Panel Paper: Creating Employment Opportunities for People with High Barriers to Employment By Bridging Private Social Enterprise Organizations and the Public Workforce System: An Impact Study of the Los Angeles Regional Initiative for Social Enterprise (LA:RISE)

Thursday, November 7, 2019
Plaza Building: Concourse Level, Plaza Ballroom F (Sheraton Denver Downtown)

*Names in bold indicate Presenter

Christian Geckeler, Leela Hebbar, Lea Folsom, Anne Paprocki, Joshua Mallet and Maureen Sarver, Social Policy Research Associates

This paper describes findings from Social Policy Research Associates’ evaluation of the Los Angeles Regional Initiative for Social Enterprise (LA:RISE), a transitional employment program started by the Los Angeles Economic and Workforce Development Department in partnership with the California-based non-profit, REDF. The goal of LA:RISE was to help individuals with high barriers to employment gain work experience and develop the hard and soft skills needed to find and maintain long-term employment. The program enrolled individuals from three priority populations within Los Angeles: those with justice system backgrounds, those at risk of homelessness, and opportunity youth, or youth, ages 18 to 24 years old who are not involved in school or work. Funded through a Workforce Innovation Fund grant from the U.S. Department of Labor, the LA:RISE program brought together numerous partner organizations, including private, social enterprise organizations, publicly-funded workforce development system agencies, community-based non-profit service providers, and employers. Services involved transitional employment combined with case management and supportive services, and various interventions designed to mitigate shortcomings observed in the research around other transitional employment programs—namely a decline in long-term employment by participants. LA:RISE services therefore included job readiness assessment training and testing, a minimum work hours requirement, co-enrollment in and coordination with WIOA adult services, long-term support services, and partnerships with a wide range of employers open to hiring individuals who fit the program’s demographic.

The LA:RISE program operated three years from 2015 to 2018 and enrolled 508 individuals (with slightly fewer actually enrolled into the evaluation). During the 20-month intake period, the six social enterprise organizations that coordinated and delivered transitional employment and served as the point of entry into the program, randomly assigned eligible and interested individuals such that 50 percent of applicants were assigned to the program group and 50 percent were assigned to the control group. This paper focuses on findings from the impact study which followed participants for up to two years past the point of random assignment and which relies on administrative data from various state and local agencies.

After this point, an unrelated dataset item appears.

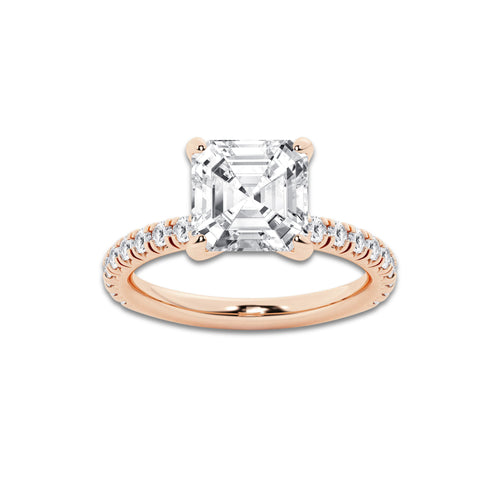 3 3/8 ctw Asscher Lab Grown Diamond Side Stone Engagement Ring 14K Rose Gold, D, VVS | IGI Certified, 3 ct Center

The presentation will discuss the key findings from the impact study, including outcomes on recidivism and employment. The presentation will also describe the implementation study findings, including lessons learned by EWDD, REDF and the many partners about building such a large network of interconnected services that has served them well as they have continued the program into subsequent generations and expanded its network of partners and services. The presentation will also briefly touch on the evaluation’s cost study and cost-effectiveness analysis. The findings from this evaluation are particularly policy-relevant given the emphasis the Workforce Innovation and Opportunity Act (WIOA) places on serving individuals with high barriers to employment, especially within California, and given the interest workforce system agencies are placing on strategies such as transitional employment. The paper will also add to the knowledge base about what is known about the limitations of transitional employment as a model for working with individuals with high barriers to employment.